→ TASK GOAL: Lines below that include the word "Lane" should each be copied.

→ RECORDS FOR THE EXERCISE:
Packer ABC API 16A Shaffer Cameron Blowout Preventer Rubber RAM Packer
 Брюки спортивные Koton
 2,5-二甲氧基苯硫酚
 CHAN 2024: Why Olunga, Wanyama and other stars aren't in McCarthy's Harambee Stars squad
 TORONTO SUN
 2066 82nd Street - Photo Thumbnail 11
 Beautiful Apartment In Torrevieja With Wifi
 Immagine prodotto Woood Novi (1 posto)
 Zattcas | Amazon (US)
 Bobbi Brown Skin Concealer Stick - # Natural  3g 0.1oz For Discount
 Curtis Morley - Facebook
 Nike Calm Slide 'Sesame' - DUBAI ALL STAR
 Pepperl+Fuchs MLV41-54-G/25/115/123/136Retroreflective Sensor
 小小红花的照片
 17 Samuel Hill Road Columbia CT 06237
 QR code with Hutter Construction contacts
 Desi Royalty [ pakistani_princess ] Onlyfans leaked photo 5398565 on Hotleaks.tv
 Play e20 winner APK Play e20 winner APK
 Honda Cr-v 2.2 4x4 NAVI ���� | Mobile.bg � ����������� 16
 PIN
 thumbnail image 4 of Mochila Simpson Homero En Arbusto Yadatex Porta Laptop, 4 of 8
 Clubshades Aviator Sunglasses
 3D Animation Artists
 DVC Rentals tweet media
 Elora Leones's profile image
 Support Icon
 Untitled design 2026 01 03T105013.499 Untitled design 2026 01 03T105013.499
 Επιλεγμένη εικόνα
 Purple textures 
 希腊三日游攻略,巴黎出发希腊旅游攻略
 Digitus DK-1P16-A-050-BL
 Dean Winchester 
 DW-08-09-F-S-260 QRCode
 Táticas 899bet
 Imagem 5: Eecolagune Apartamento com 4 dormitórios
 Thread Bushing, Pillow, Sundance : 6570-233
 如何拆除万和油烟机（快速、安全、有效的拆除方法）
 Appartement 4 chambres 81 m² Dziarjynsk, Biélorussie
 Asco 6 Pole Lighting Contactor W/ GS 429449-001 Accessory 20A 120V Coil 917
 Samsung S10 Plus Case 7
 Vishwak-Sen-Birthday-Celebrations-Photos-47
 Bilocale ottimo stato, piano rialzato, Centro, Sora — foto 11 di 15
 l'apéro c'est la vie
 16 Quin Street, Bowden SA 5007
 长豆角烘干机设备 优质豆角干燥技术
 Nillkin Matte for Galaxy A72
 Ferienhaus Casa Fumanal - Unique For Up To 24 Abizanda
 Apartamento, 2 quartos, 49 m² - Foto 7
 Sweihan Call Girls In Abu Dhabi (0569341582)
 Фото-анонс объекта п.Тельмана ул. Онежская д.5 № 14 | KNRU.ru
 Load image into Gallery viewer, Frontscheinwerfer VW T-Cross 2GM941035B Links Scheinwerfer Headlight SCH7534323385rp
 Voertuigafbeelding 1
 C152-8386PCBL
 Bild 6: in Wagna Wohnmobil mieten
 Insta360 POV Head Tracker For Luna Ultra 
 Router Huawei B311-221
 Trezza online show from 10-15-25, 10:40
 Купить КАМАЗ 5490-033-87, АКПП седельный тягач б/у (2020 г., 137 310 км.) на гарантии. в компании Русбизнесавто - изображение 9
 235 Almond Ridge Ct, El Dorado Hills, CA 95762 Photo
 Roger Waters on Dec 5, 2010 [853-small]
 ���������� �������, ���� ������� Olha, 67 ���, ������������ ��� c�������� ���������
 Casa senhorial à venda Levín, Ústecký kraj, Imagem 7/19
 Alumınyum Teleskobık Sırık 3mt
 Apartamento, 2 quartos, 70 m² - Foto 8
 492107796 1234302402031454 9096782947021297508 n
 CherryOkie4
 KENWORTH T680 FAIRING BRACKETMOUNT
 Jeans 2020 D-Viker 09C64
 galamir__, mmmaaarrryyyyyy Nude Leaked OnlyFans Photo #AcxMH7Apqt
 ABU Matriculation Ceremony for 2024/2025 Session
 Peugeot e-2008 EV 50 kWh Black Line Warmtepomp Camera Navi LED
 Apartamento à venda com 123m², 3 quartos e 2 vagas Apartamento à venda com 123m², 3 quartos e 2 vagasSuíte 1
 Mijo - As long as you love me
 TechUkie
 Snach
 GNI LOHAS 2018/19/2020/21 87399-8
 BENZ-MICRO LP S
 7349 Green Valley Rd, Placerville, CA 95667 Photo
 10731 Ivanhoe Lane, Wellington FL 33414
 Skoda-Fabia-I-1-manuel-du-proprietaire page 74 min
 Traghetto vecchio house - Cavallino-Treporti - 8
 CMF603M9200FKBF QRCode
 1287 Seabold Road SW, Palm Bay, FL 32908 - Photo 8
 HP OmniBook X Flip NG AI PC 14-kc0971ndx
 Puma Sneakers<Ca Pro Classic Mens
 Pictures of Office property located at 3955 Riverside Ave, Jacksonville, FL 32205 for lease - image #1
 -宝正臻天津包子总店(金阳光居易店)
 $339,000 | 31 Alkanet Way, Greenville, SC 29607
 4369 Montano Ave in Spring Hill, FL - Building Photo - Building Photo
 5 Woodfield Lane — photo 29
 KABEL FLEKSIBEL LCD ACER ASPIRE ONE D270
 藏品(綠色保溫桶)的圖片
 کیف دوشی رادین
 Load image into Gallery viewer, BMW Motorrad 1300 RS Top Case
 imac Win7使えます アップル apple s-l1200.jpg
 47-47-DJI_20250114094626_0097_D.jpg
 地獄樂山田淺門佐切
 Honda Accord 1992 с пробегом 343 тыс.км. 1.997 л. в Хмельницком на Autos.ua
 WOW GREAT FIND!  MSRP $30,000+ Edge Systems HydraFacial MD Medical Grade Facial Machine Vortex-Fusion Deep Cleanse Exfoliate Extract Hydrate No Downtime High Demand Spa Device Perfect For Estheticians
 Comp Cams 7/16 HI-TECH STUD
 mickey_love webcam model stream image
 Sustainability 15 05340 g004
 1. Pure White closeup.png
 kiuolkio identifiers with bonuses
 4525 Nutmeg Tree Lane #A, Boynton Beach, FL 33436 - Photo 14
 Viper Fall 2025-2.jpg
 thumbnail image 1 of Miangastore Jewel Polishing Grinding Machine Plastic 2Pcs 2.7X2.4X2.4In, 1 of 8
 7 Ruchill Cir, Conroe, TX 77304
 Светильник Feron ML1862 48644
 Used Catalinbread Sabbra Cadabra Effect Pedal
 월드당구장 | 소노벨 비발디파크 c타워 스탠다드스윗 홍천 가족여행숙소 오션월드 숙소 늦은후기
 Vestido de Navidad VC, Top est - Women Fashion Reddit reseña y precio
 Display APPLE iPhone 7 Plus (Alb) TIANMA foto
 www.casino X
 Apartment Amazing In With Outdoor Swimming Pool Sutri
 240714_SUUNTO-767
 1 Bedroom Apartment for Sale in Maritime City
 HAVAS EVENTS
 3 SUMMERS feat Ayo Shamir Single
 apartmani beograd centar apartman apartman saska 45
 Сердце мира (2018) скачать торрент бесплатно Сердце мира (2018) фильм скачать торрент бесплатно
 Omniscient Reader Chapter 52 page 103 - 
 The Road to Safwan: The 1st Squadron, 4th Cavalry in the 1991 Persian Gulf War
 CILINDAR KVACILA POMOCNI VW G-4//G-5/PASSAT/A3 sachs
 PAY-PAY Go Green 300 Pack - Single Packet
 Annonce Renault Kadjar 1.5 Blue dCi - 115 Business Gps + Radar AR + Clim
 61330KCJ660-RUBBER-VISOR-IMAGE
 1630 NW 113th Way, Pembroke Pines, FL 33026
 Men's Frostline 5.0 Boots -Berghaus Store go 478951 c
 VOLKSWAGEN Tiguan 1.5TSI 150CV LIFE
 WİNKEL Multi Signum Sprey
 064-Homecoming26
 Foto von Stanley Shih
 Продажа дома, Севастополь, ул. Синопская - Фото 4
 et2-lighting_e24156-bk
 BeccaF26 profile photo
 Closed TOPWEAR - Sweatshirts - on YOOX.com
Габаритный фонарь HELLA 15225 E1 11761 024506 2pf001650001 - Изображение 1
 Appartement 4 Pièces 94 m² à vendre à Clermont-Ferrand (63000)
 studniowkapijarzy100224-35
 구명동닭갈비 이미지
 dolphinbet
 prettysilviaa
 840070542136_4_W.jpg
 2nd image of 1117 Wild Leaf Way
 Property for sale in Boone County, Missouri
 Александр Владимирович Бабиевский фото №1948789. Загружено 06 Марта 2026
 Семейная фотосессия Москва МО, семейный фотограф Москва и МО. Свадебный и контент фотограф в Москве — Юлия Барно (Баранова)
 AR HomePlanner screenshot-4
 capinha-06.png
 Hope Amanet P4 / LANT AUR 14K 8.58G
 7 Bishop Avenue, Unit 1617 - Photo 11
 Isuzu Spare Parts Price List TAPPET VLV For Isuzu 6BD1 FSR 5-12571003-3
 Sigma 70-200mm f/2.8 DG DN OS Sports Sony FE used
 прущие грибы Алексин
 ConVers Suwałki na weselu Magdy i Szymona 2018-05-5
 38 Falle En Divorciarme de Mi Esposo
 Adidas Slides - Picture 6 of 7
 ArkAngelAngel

→ ANSWER FOR THE TASK:
 10731 Ivanhoe Lane, Wellington FL 33414
 5 Woodfield Lane — photo 29
 4525 Nutmeg Tree Lane #A, Boynton Beach, FL 33436 - Photo 14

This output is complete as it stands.